Source to load parquet datasets.

class intake_parquet.source.ParquetSource(*args, **kwargs)[source]

Source to load parquet datasets.

Produces a dataframe.

A parquet dataset may be a single file, a set of files in a single directory or a nested set of directories containing data-files.

The implementation uses either fastparquet or pyarrow, select with the engine= kwarg.

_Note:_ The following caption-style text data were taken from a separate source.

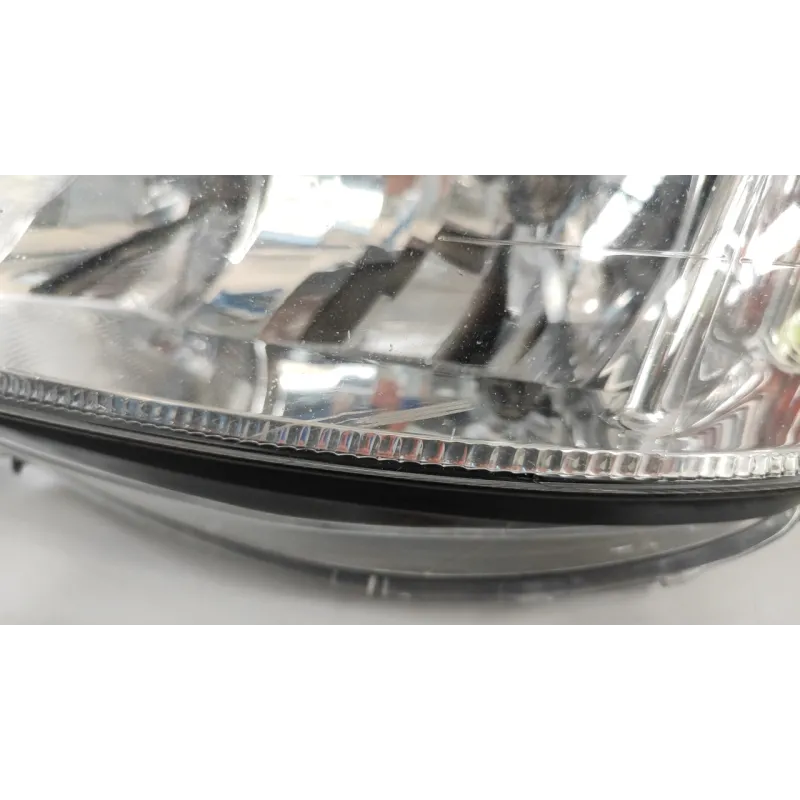 PROIETTORE SX. OPEL ZAFIRA (T98) (03/99-12/05) 2.0 16V DTI COMFORT MNV 5P/D/1995CC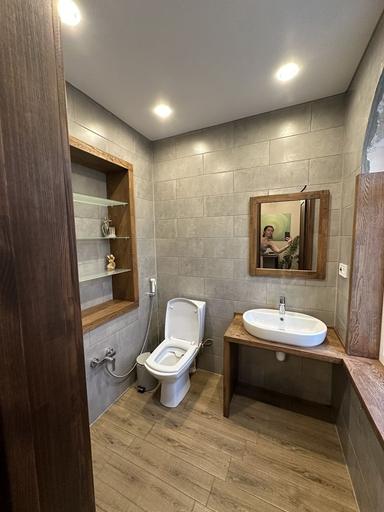 Дом по адресу ул. Дачная (площадь 150 м²) - Atlanta.ua - фото 30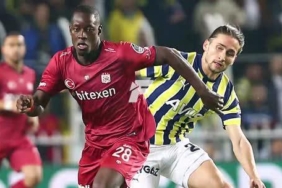 iste-fenerbahce-sivasspor-macindan-kareler-video-9JPrku6h.jpg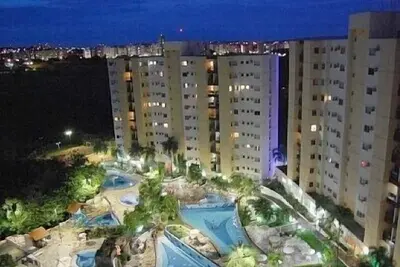 Image de Ecologic Park - 2 chambres et 1 suite à des prix avantageux! ! !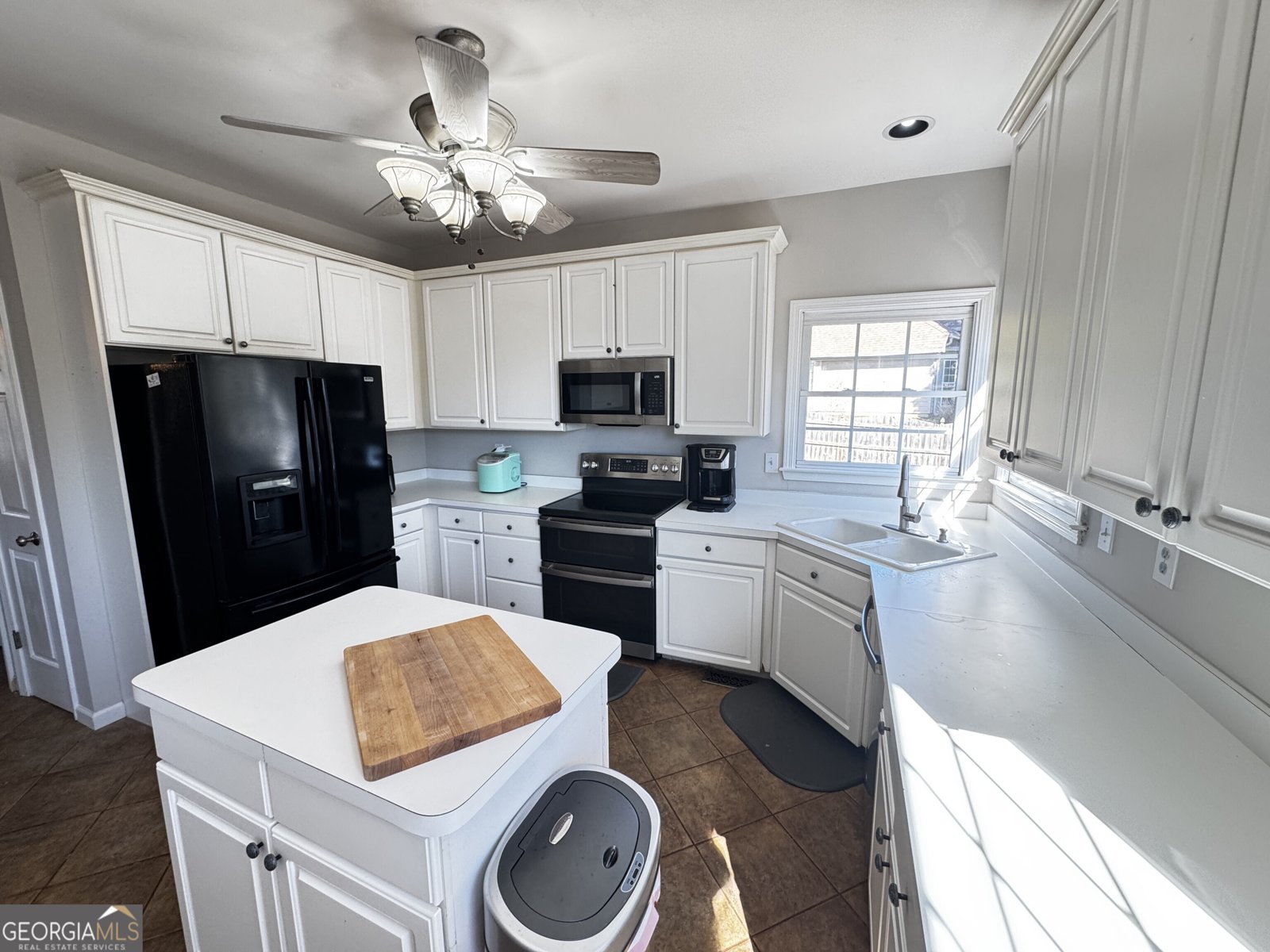 1475 Redbud Way Cumming - Photo 15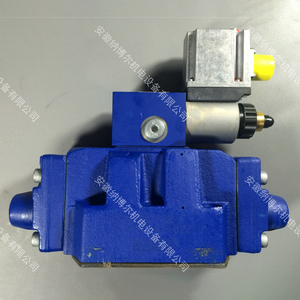 R901226262 3DREE16P-7X/200XYG24K31A1V ลดขนาด - Product Image 1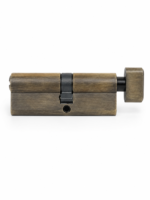 Barel (Silindir) Meysam WC 85mm - Antik (MAB) – 35+10+40 (85/35) - Image 3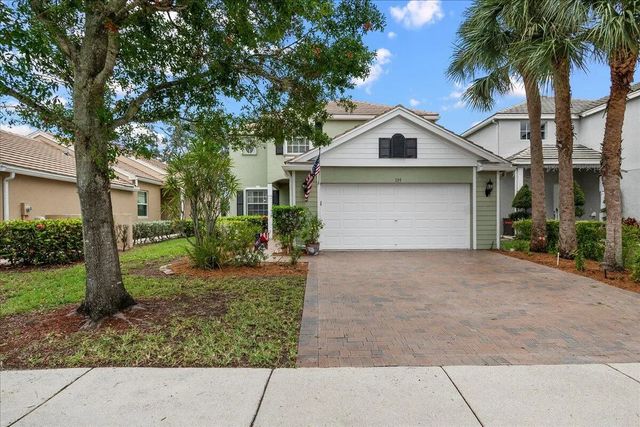 135 Hamilton Terrace, West Palm Beach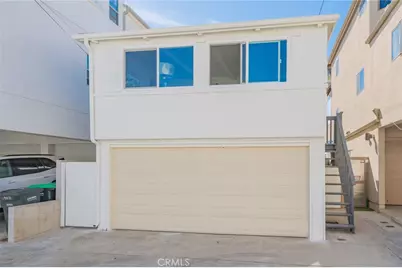 920 W Balboa, Newport Beach, CA 92661 - Photo 32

Common keyword parameters accepted by this Source:

columns: list of str or None
column names to load. If None, loads all
filters: list of tuples
row-group level filtering; a tuple like ('x', '>', 1) would mean that if a row-group has a maximum value less than 1 for the column x, then it will be skipped. Row-level filtering is not performed.
engine: ‘fastparquet’ or ‘pyarrow’
Which backend to read with.
see pd.read_parquet and dd.read_parquet() for the other named parameters that can be passed through.

Attributes

cache
cache_dirs
cat
classname
description
dtype
entry
gui: Source GUI, with parameter selection and plotting
has_been_persisted
hvplot: Returns a hvPlot object to provide a high-level plotting API.
is_persisted
plot: Returns a hvPlot object to provide a high-level plotting API.
plots: List custom associated quick-plots
shape

Methods

`__call__`(**kwargs)	Create a new instance of this source with altered arguments
`close`()	Close open resources corresponding to this data source.
`configure_new`(**kwargs)	Create a new instance of this source with altered arguments
`describe`()	Description from the entry spec
`discover`()	Open resource and populate the source attributes.
`export`(path, **kwargs)	Save this data for sharing with other people
`get`(**kwargs)	Create a new instance of this source with altered arguments
`persist`([ttl])	Save data from this source to local persistent storage
`read`()	Create single pandas dataframe from the whole data-set
`read_chunked`()	Return iterator over container fragments of data source
`read_partition`(i)	Return a part of the data corresponding to i-th partition.
`to_dask`()	Return a dask container for this data source
`to_spark`()	Produce Spark DataFrame equivalent
`yaml`()	Return YAML representation of this data-source

get_persisted
set_cache_dir

read()[source]: Create single pandas dataframe from the whole data-set

to_dask()[source]: Return a dask container for this data source

to_spark()[source]

Produce Spark DataFrame equivalent

This will ignore all arguments except the urlpath, which will be directly interpreted by Spark. If you need to configure the storage, that must be done on the spark side.

This method requires intake-spark. See its documentation for how to set up a spark Session.